The rich source material for Christine Tobin’s latest album positively encourages metaphor, so here goes. Sailing to Byzantium is a vibrant, irresistible lake. There’s nothing to be gained from standing suspiciously on its shore.  Take a deep breath, plunge in, and let the water draw you down into a musical world of burnished colours, intriguing shades, spine-chilling dangers and soothing sub-aquatic glades.

Tobin’s audacity in setting 13 of W. B. Yeats’s poems to fluid and spacious jazz arrangements pays off on every level.  The poet’s characteristic themes of memory, time and place, unattainable love, the artist’s lot, and mythology shine through, heightened but never unnecessarily embellished by some brilliant ensemble playing.
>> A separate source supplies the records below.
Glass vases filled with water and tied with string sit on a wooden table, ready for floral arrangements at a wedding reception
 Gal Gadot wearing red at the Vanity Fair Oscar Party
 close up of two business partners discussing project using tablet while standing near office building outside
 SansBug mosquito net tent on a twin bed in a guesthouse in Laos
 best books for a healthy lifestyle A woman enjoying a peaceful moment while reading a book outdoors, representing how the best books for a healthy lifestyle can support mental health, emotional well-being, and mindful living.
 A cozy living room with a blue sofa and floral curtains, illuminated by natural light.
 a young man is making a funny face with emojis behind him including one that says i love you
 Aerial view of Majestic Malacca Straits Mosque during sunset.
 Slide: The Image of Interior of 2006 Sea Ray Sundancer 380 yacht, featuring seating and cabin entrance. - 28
Tobin isn’t the first composer to set Yeats to music. Herbert Hughes, for example, wrote a rollicking tune for “Down by the Sally Gardens”, most recently recorded by Clare Teal for her album, Hey Ho. But Sailing to Byzantium is on a much more ambitious scale. And how Tobin pulls it off.

It would be invidious to single out any band member; plaudits to Liam Noble (piano), Phil Robson (guitar), Gareth Lockrane (flute), Kate Shortt (cello) and Dave Whitford (double bass). With their support, Tobin’s warm timbre wraps itself around the shimmering imagery of Yeats’s verse, taking it into a new and very different space while staying true to the original work.

Like Tobin, I studied Yeats at school, and was so absorbed by the texture and subjects of his poetry that I later seized the opportunity to immerse myself in it at university. Analytical overload was inevitable and it’s been many years since I revisited the glories of poems such as “Long-legged Fly” and “The Wild Swans at Coole”. Tobin’s inspired handling of the material has sent me scurrying to the bookshelf and reaching out for a familiar, yellowing volume as if it was an old friend.

From the sparkling Joni Mitchell-ish  guitar intro to the opening track, “When You are Old” to the elegiac tones of actor Gabriel Byrne (who taught at Tobin at school in Dublin) reading “The White Birds” to the backdrop of rising waves and Tobin’s wordless, keening chant, Sailing to Byzantium commands attention. The production is fresh and crisp.

There is turbulent beauty, not least in the cacophonous climax to “The Second Coming”. Characters spring to life, greatly assisted by the sparkling arrangements. “The Song of Wondering Aengus” and “The Fisherman” – that paean to a simple, idealised reader – bristle with energy. Some of the songs are haunted and haunting in equal measure:  ghosts gather and whisper as “In Memory of Eva Gore-Booth and Constance Markievicz” conjures a room populated by lost friends, to exquisitely poignant effect, building to the sinister revelation of knowledge that’s come too late. An artistic triumph, brimming with integrity.